President Barack Obama. Photo: WDCpix
President Barack Obama. Photo: WDCpix

Obama appoints Pawlenty’s pastor to faith council

Minnesotans Leith Anderson and ELCA Bishop Mark Hanson tapped by president
By Andy Birkey
Monday, February 07, 2011 at 8:17 am

President Obama named a dozen faith leaders to the President’s Advisory Council on Faith-Based and Neighborhood Partnerships on Friday, and two of them hail from Minnesota. Leith Anderson of the National Association of Evangelicals, who is also Tim Pawlenty’s pastor, was appointed by Obama, as was fellow Minnesota Bishop Mark Hanson of the Evangelical Lutheran Church in America. The council, formerly known under President Bush as the Office of Faith-Based Initiatives, has had a healthy number of Minnesotans under Obama.

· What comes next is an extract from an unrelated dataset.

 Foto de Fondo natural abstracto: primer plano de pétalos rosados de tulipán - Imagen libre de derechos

Anderson has been the head of the NAE since 2006, and he’s been the pastor of Wooddale Church in Eden Prairie since 1977. Pawlenty’s wife Mary has been a long-time member of Wooddale, and Tim Pawlenty joined the church after the two married in the late-1980s.

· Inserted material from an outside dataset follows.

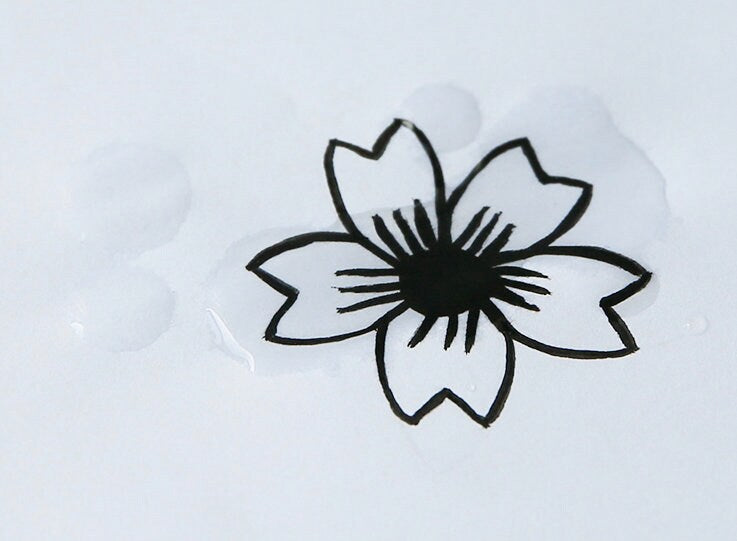 STA Pigment Fine Liner Pen | Graphic & Brush Pen | Black Fineliner Marker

Anderson has been seen as a moderate evangelical, eager to find agreement on issues with both sides of the political aisle. In early December, the NEA released a survey outlining 18 policy positions on which Obama and evangelicals agree.

“In the current political climate, many focus their energy on fueling issues of disagreement – people of faith included,” Anderson said at the time. “But, I find it really interesting that evangelical leaders readily look for where we can agree and support.”

Obama also appointed ELCA Bishop Mark Hanson, who has been serving as the presiding bishop since 2001. He oversaw a contentious assembly meeting in Minneapolis in 2008 where the church voted to allow congregations to have gay and lesbian pastors in committed relationships.

And earlier this year, Hanson appeared in a video urging an and to anti-LGBT bullying as part of the It Gets Better campaign.

The response to his video was strong on both sides of the debate over homosexuality within Christianity.

“This is an evangelical moment given to us like none other,” Hanson said in a statement about the controversy, “because we live in a culture where most people see the Christian witness as an obsession with drawing lines in the sand and expending enormous energies defining who is on the right side of that line and who is on the rejected side. We know from the biblical witness, however, to beware of drawing lines in the sand, because Jesus is going to be standing on both sides of the line of the sand. For that, he got nailed to a cross.”

Currently serving on Obama’s faith council is Minnesotan Peg Chemberlin who is the president of the National Council of Churches and executive director of the Minnesota Council of Churches. Her term is set to expire this year.

In addition to the Minnesotans on the list, Obama also appointed the Reverend Elder Nancy L. Wilson of the Metropolitan Community Churches, a Christian denomination that sprang out of the LGBT community.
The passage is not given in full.